On whether there is an economic slowdown, it would not be correct to make a sweeping statement because there is just not enough data to determine so. I have just re-entered the startup space with my product ‘Again Drinks’ and I have not witnessed any such thing. An economic slowdown essentially means a stagnation in consumption and demand, which is not happening in the business currently. There has been a significant uptake for our product. It is a beverage worth Rs 50 – it is a reasonably premium product and there is still enough consumption.
In terms of taxation, there was considerable pressure on startups earlier but a lot of that has been addressed in the recent budget. Given what the government has done with the angel tax in the budget, it will become much easier for startups to flourish. There are people who are keen on investing and there is also a decent cash flow. Therefore, I do not think one can say that there is an economic slowdown.
Govt must support genuine entrepreneurs while going after the rogues
Economic analyst and author
It is difficult to estimate the extent of turmoil in V.G. Siddhartha’s mind. The role of tax authorities and PE funds needs to be examined. Without commenting on his special circumstance, my view is that the Indian industry is in the throes of transition pangs. It’s shifting to totally new rules of business landscape – from access-based entrepreneurship to effort-based business success.
Compliance laws for directors are stringent. GST has forced tax transparency on organisations that used to keep two sets of accounting books. Ownership of firms through multiple shell companies is under attack. A fundamental cleansing of India’s industrial ecosystem is also taking place. However, the changing governance system is not enabling entrepreneurship to succeed. The gap in the promise of ease of doing business has run into the mess of rent-seeking ecosystem of compliance authorities, which still sees everyone as a crook.
At a policy level, the government wants to make life easier, but the levers of implementation are still rooted in a past where nobody is above suspicion. When a tax officer begins with the assumption that every individual or institution is indulging in fraud, the result will always be unpleasant. And, this leads to overreach in tax penalisation. But several instances of GST fraud have indeed been exposed.
To manage the transition, the government must support the good while going after the rogues. This is the toughest part of transition. The govt must swiftly rein in over-aggressive tax officials. Tax officers must sharpen their sense of distinguishing between bonafide and malafide intentions.

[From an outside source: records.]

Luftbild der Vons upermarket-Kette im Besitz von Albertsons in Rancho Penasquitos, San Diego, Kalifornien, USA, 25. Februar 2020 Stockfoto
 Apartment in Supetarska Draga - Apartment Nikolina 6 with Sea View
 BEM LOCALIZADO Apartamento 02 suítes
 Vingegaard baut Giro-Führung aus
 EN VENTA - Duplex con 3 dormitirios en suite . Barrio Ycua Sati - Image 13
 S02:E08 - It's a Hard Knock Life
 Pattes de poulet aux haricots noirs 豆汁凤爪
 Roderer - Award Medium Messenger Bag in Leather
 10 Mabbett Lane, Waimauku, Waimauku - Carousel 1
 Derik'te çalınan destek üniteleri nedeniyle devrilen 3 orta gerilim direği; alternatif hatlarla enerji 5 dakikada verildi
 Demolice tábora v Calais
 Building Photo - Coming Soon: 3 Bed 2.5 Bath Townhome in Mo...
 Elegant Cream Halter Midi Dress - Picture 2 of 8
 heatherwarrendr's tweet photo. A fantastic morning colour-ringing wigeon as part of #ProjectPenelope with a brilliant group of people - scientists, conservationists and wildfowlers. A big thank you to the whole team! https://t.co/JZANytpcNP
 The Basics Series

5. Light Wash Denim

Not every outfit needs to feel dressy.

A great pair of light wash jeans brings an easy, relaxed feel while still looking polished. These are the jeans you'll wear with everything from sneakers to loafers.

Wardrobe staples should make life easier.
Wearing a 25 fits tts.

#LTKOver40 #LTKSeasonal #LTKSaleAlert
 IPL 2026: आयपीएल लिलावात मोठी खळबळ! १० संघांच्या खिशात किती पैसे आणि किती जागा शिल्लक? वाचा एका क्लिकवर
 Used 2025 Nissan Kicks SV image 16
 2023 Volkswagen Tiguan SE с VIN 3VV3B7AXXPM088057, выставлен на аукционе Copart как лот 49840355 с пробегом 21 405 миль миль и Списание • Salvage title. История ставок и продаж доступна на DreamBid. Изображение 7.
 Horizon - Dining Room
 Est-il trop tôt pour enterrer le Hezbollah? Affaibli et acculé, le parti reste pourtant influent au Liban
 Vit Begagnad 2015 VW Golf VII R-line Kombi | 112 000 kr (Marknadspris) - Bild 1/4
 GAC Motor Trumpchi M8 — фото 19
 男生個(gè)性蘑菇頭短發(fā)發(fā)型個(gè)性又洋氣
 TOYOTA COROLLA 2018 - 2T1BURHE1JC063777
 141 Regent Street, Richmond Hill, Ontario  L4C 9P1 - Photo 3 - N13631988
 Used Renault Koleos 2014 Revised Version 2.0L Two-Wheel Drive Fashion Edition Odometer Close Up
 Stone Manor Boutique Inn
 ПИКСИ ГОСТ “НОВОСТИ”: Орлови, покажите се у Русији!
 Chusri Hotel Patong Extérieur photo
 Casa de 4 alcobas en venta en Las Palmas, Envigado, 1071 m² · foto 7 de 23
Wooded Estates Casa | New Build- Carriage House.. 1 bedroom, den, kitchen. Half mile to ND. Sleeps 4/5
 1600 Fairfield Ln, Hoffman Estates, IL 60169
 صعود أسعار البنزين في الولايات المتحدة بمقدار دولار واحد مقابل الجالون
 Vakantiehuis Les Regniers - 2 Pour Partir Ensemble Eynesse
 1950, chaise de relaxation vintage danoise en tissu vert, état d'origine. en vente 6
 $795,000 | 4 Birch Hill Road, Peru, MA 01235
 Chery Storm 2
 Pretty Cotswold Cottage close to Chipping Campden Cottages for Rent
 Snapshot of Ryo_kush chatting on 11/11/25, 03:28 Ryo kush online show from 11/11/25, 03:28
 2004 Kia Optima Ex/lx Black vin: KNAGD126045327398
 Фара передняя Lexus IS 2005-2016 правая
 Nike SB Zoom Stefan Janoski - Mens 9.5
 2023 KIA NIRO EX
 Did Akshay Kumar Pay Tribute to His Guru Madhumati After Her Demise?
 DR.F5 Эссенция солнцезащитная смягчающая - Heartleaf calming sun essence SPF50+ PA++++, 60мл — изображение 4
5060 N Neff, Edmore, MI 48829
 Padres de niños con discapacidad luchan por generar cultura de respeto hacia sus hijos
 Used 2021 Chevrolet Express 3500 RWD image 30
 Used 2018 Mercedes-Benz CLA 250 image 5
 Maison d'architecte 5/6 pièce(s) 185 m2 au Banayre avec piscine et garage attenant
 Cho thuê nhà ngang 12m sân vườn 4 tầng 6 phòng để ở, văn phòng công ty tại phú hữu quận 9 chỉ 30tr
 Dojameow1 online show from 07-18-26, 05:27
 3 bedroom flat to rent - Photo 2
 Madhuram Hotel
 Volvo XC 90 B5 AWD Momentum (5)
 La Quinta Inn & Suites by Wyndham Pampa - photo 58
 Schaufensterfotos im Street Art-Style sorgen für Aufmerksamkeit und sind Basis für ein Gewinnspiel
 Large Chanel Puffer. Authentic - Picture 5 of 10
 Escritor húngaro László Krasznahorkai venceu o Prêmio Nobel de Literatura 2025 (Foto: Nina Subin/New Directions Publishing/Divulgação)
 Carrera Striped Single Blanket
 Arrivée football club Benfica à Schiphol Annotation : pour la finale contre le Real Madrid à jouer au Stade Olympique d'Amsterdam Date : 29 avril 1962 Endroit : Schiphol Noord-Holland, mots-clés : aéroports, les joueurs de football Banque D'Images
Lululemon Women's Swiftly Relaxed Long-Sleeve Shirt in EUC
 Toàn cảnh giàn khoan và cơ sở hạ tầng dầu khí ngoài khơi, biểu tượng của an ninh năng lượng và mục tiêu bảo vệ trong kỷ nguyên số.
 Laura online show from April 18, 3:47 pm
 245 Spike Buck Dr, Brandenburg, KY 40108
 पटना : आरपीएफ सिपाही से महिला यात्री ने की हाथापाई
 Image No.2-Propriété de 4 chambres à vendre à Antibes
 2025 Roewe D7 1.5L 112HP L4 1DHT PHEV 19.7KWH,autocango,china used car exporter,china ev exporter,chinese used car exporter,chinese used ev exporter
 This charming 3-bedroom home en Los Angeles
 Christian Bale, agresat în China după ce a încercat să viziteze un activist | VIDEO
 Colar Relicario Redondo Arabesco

Assessment & appeal process should be non-adversarial and less-time consuming for taxpayers
Managing Partner and International tax lead of Ashok Maheshwary & Associates
The tax department has been much more aggressive in the last few years. It has followed up with a number of taxpayers for not paying advance tax on time, although the law allows them to pay while filing return albeit with interest.
Tax demands have been enforced with notices for freezing of bank accounts in cases where the mandatory deposit for filing appeals has not been submitted. We have also seen an increase in the number of summons, information requests, Section 148 notices issued to taxpayers due to deployment of data analytics and exchange of information.
The number of prosecutions launched have also increased in the recent years. In fact, with the revised compounding guidelines, compounding will become very difficult.
As per the Economic Survey, tax disputes have risen considerably. The CBDT’s recent announcement on withdrawing appeals below a certain threshold will help reduce tax litigation since the tax department is the biggest litigator.
With the rechristened benami law and the Black Money (Undisclosed Foreign Income and Assets) and Imposition of Tax Act, tax officers are expected to become even more aggressive in tackling tax evaders/defaulters.
Therefore, it is imperative that taxpayers take tax compliance with all seriousness. For the government, it is important that tax officers are made accountable for their actions. The entire assessment and appeal process should be non-adversarial and less-time consuming for taxpayers.